## [The problem]
Would you please copy all of the data exactly, skipping the images?

## [Available data]
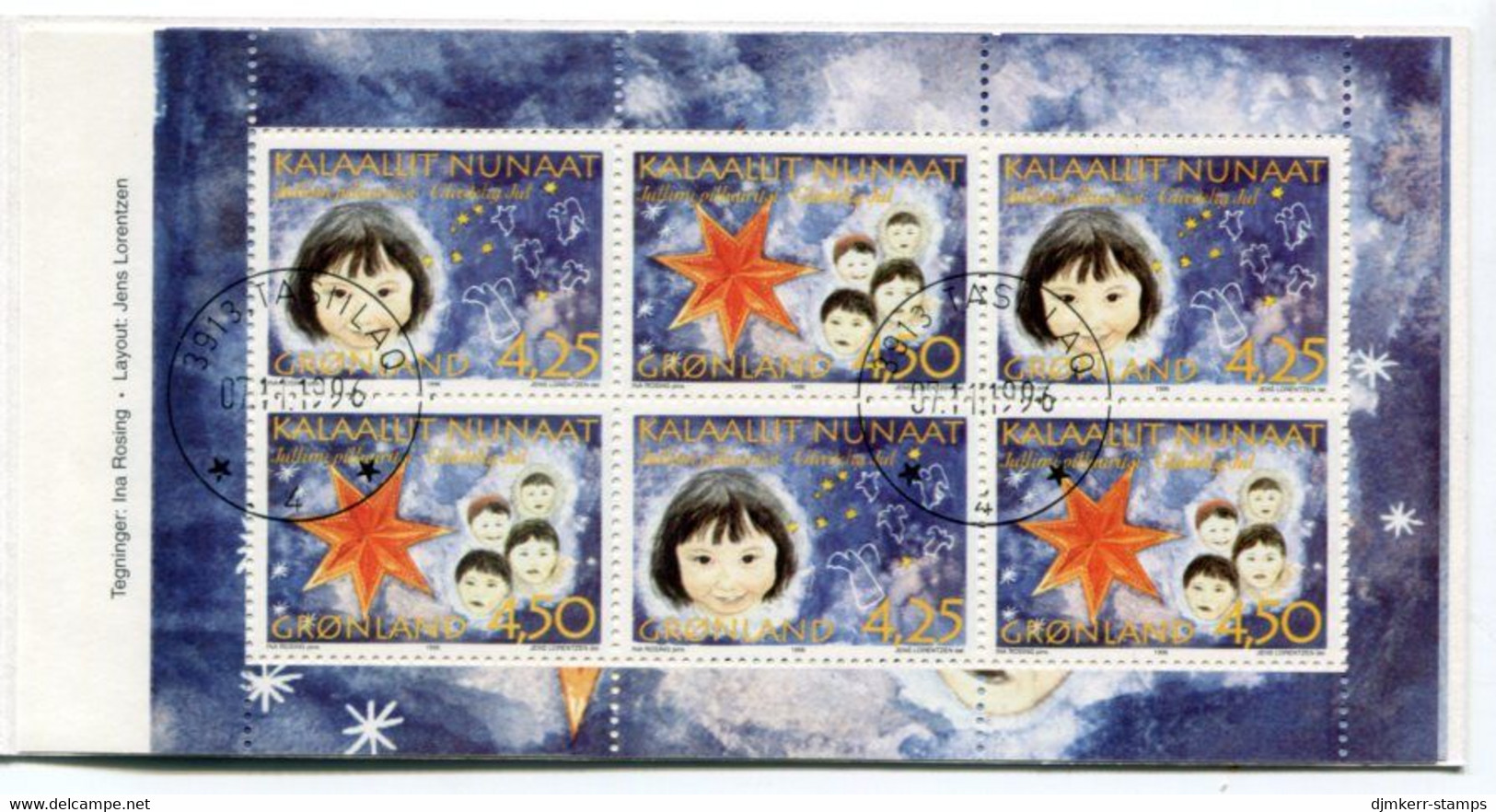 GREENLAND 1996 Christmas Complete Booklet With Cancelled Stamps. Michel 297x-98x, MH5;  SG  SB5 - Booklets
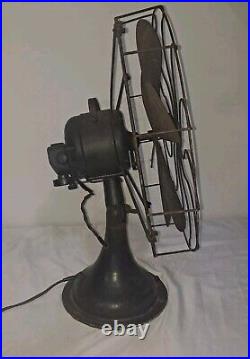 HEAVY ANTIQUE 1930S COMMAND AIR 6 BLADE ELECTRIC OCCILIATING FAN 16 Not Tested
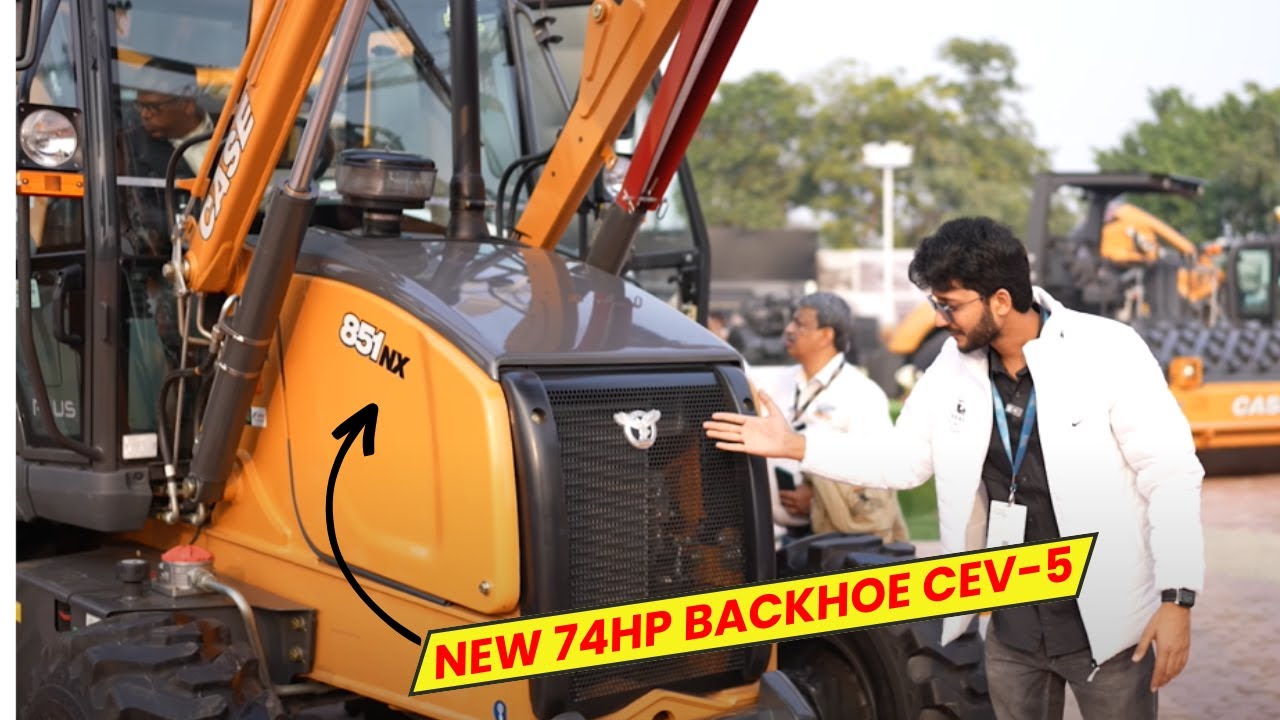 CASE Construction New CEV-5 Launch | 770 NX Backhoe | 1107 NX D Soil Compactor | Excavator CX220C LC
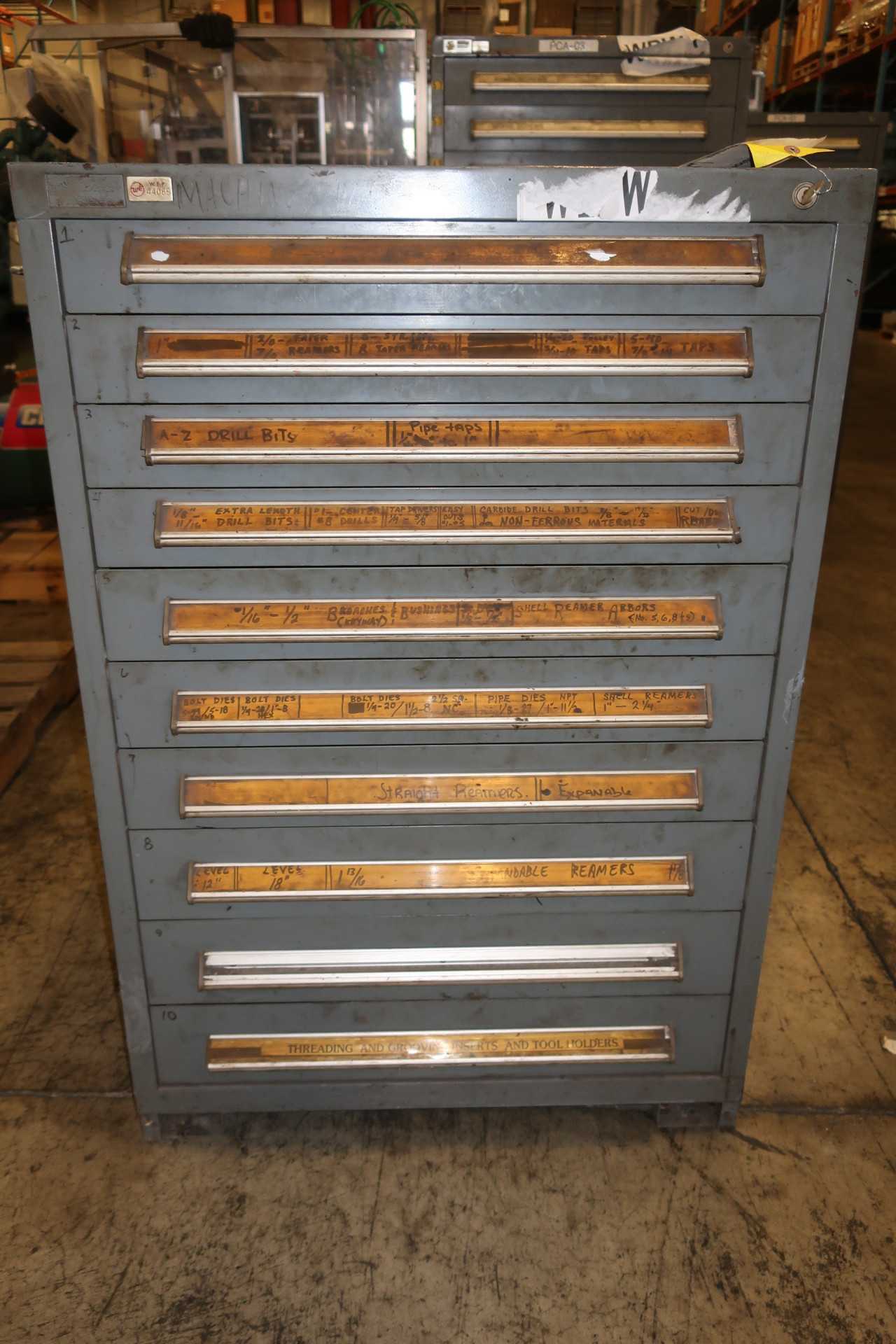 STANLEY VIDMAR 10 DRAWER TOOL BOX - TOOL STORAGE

## [Exercise answer]
 GREENLAND 1996 Christmas Complete Booklet With Cancelled Stamps. Michel 297x-98x, MH5;  SG  SB5 - Booklets
 HEAVY ANTIQUE 1930S COMMAND AIR 6 BLADE ELECTRIC OCCILIATING FAN 16 Not Tested
 CASE Construction New CEV-5 Launch | 770 NX Backhoe | 1107 NX D Soil Compactor | Excavator CX220C LC
 STANLEY VIDMAR 10 DRAWER TOOL BOX - TOOL STORAGE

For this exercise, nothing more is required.